_TASK ITEM_
Using the data below, return the stretch from the line that contains "Columbia Metropolitan Airport" through the line that contains "Fractured Horizon-Black &", both included, exactly as it stands and nothing beyond it.

_DATA UNDER STUDY_
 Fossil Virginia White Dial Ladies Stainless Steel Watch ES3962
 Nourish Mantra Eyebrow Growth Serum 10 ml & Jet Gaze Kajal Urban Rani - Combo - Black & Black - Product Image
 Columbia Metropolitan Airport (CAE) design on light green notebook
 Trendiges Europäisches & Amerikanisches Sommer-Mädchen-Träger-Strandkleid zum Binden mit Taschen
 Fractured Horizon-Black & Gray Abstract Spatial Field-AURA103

==

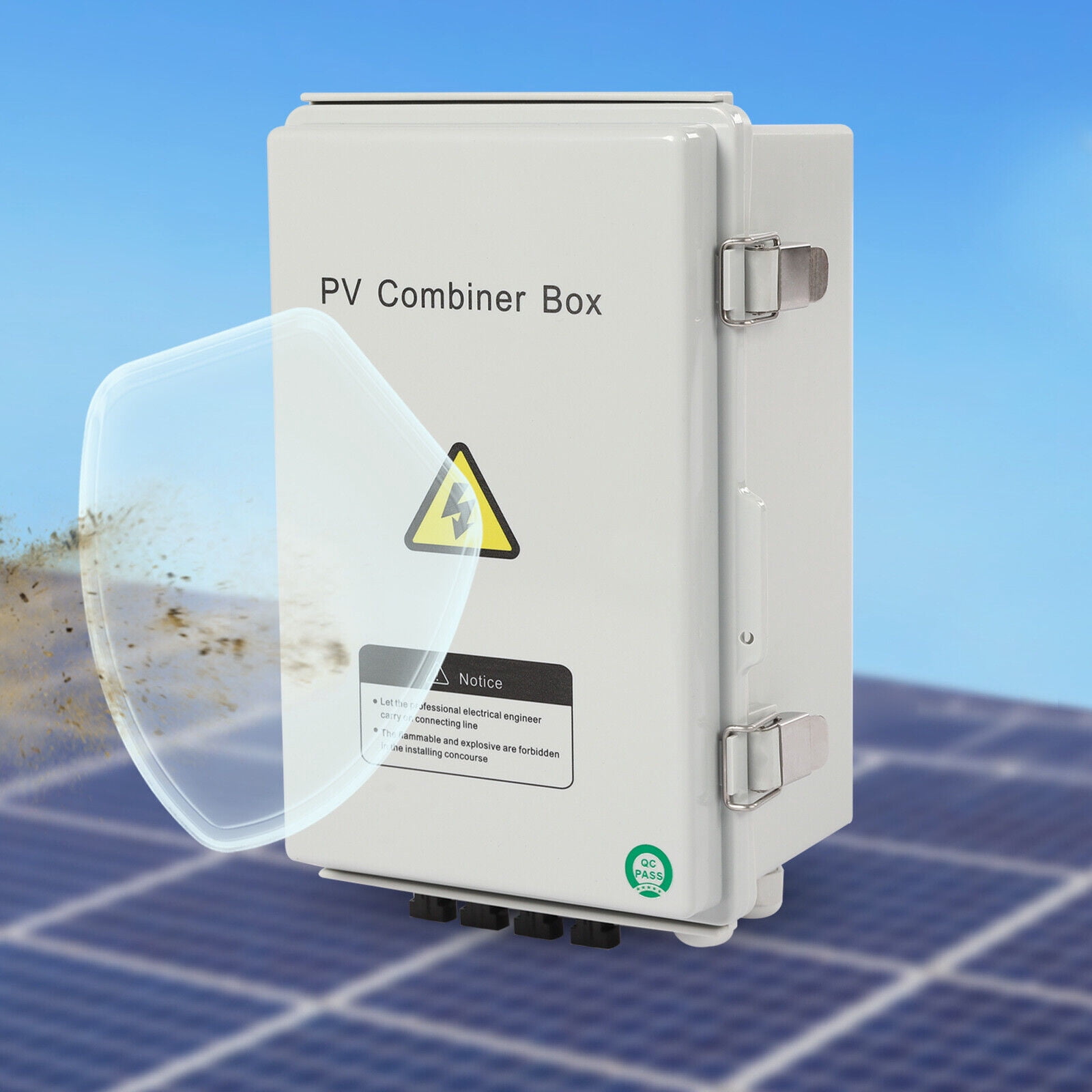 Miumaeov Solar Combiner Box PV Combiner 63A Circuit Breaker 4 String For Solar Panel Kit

_RESULT BELOW_
 Columbia Metropolitan Airport (CAE) design on light green notebook
 Trendiges Europäisches & Amerikanisches Sommer-Mädchen-Träger-Strandkleid zum Binden mit Taschen
 Fractured Horizon-Black & Gray Abstract Spatial Field-AURA103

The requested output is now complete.